大掃除

 いまどきの大掃除のメインはなんであろうか? 油だらけの換気扇? まあ、そんなところだろう。毎年、いろいろな方法、道具、洗剤などが紹介されている。メインの年中行事なればこそ、であろう。

 では、昔の大掃除のメインイベントは? それはなんといっても畳あげでしょう。家中の畳を上げて、天日に干す。裏表をとりかえて日に当てる。いっぽう、畳のあった部屋では、畳のしたにあったゴミやほこりを掃き出し、下に敷いてあった新聞紙を取り出し新しいものに取り替える。大がかりな作業なので、一家総掛かりである。

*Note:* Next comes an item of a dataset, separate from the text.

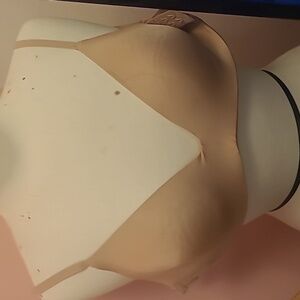 SKIMS- wireless bra - color Beige- Size 32 DD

 電気掃除機なんてなかった。くぼんだところのゴミを吐き出すのはけっこう難しい。うまくいかなければちりとりですくい取る。取り出した古新聞を思わず読みふけってしまうのは、しばし漫画などで取り上げられるとおり。ちょうど一年前の記事である。忘れていたことのほうが多い。読んで思い出すこともあれば、まったく思い出せないこともある。一年という時間の経緯を知る絶好の機会であった。

 手のない家庭にはそれとなく、手伝ってくれるひとがいる。

 いまでは大掃除で畳をあげる光景を見かけることもほとんどなくなった。高層住宅ではやりたくともできない。あげた畳を干すところがない。

 そもそも、畳そのものも減っている。が皆無ではなかろう。ということは、畳は、日に当てることも、風に当てることもなく敷きっぱなし。大丈夫なのだろうか。

 なお、昔は換気扇の掃除は話題にはならなかった。なぜならば、換気扇そのものがなかったから。